私は、まだ小学生の低学年だった時に、アランルネのドキュメンタリーの傑作‘夜と霧‘をさすがに見たわけはないのですが、なぜかあの映画のチラシが新聞に挟まっていてそれを見ました。これトラウマ的原体験の一部になりました。

あれ、カラーですらなかったのに。

そして、日本人ですから、広島や長崎原爆関係の写真やFootageはそれなりに見てきましたが、それでも1985年アメリカで見たそれらの写真やフィルムFootageは、まったく違うレベルの衝撃でした。

なぜなら、それはカラーだったから

 

日本側は原爆被災者に関してカラー写真を撮っていません。転倒していますが、だからこそカラーアニメ`裸足のゲン‘が基本あまりにグロいという印象になってしまったわけです。

私たちはいつの間にか、白黒のイメージというフィルターのもとで原爆のリアルを眺めているつもりになっていました。

で、1985年何があったかというと、この年は広島原爆のあった1945年から40年たち、それまで封印されていた原爆関係記録のアーカイブが解放されたのです。

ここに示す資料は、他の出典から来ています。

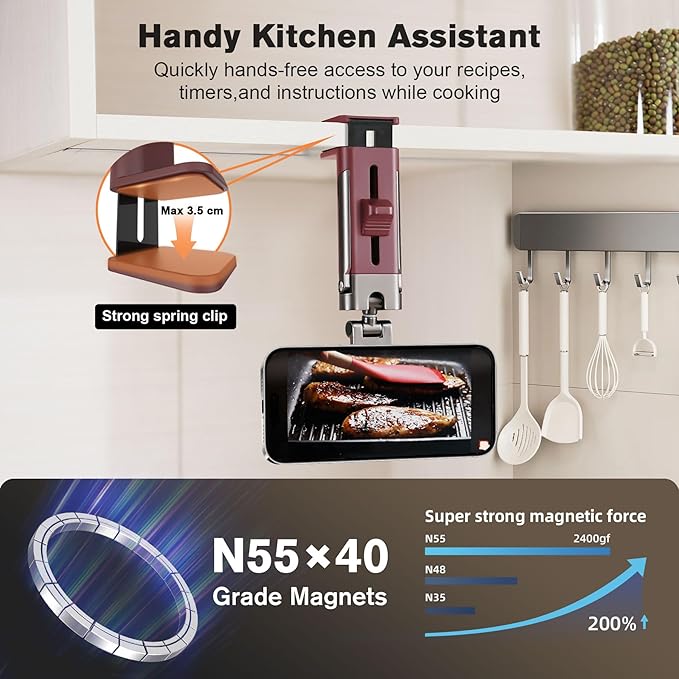 for MagSafe Airplane Phone Holder Mount Travel Essentials for Plane,N55*40 Pro Magnetic Phone Stand for Desk Tray Table,360° Swivel Travel Gifts for Women Men Airplane Gadgets Cruise Must Haves Red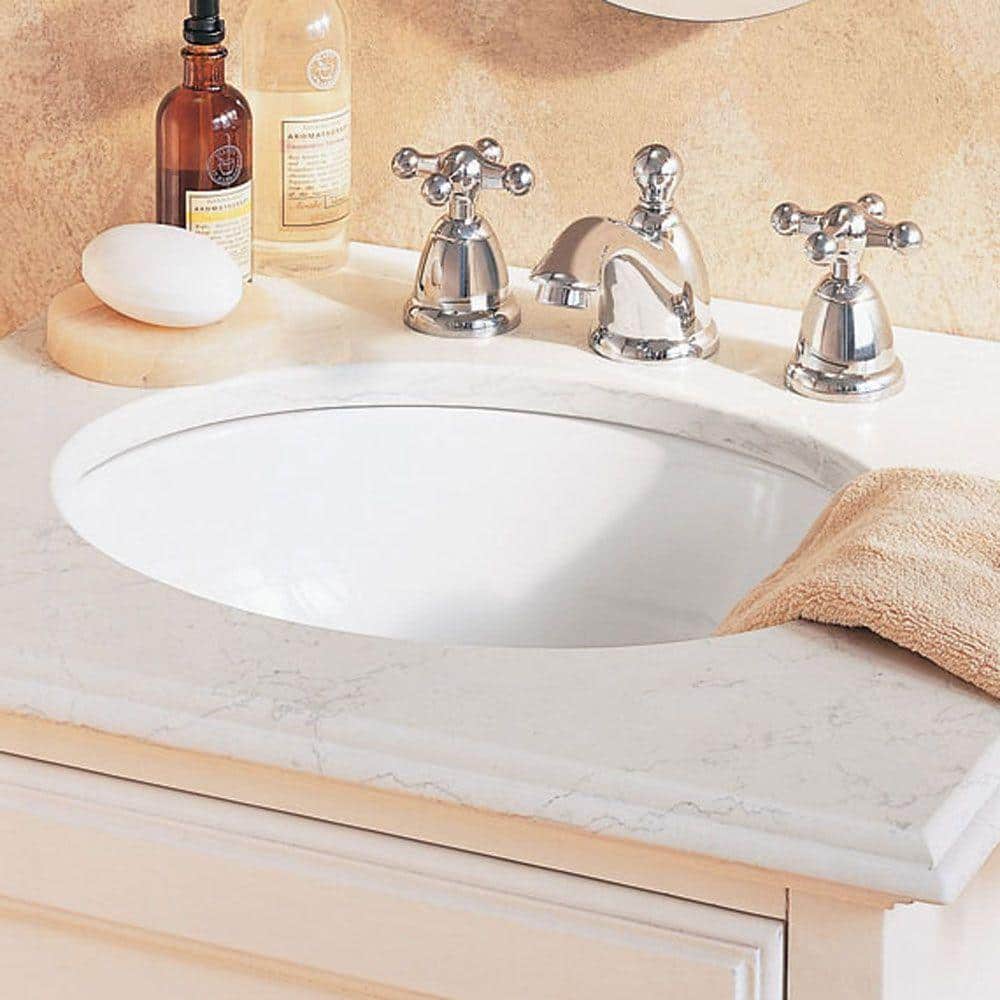 White Ceramic Oval Undermount Bathroom Sink with Overflow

そして、その戦後ずっと封印されていたイメージが、アメリカの主に寄付だけで賄っているPBS (Public Broadcasting Service )の原爆40週年特番(確かすごく長かったのです2時間以上だった気がします。)で、大々的に放映されたのです。

私はこれを見ました。

 

なんというか、邦題が‘24時間の情事` (ヌーベルバーグの傑作、これもアランレネ、Hiroshima mon amour、ちなみにあの頃のフランス映画は今見ると本当に新鮮です。Netflixで何を見るか迷っているあなたにもお勧めです。ヌーベルバーグで、検索をかけて作品名をしらべるといいですよ。)で耳に残ってしまったフレーズ、

Tu n’as rien vu à Hiroshima(あなたは広島で何も見なかった)

 

これを受けた感じになりました。あ、この映画難解である者の、なんというか何かがすごく残るのです。アランルネでは‘去年マリエンバード‘出が大好きです。途中で眠りそうにもなりますが、ほとんど忘れてしまうボン百の映画と違い、やはり何かを見させられてしまう。あ、女優さんが恐ろしくきれいでした。

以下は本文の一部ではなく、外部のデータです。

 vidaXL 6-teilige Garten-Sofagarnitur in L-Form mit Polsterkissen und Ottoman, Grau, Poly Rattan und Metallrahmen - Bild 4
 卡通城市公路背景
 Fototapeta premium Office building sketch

ちなみに、Googleをかけて、やっと出てきた、あの時見たものを思い起こさせてくれるカラー写真は、やっと一つ見つかりました。それでも、ダウンロードして、編集してフィルターをかけるとういういつものステップが苦痛でした。

あの時、TVで延々とこのレベルの生々しいカラー写真や、フィルムFootageを見たのです。

結局私は、小学生低学年の時にホロコーストのイメージを見て以来、見たくないものから目を背けるのはやめようとしたのではと思います。

見るということはとても罪深いことでもあります。だって、見て何もしなかったということでもありますから。

だからこそ、確かに見なくてはいけない。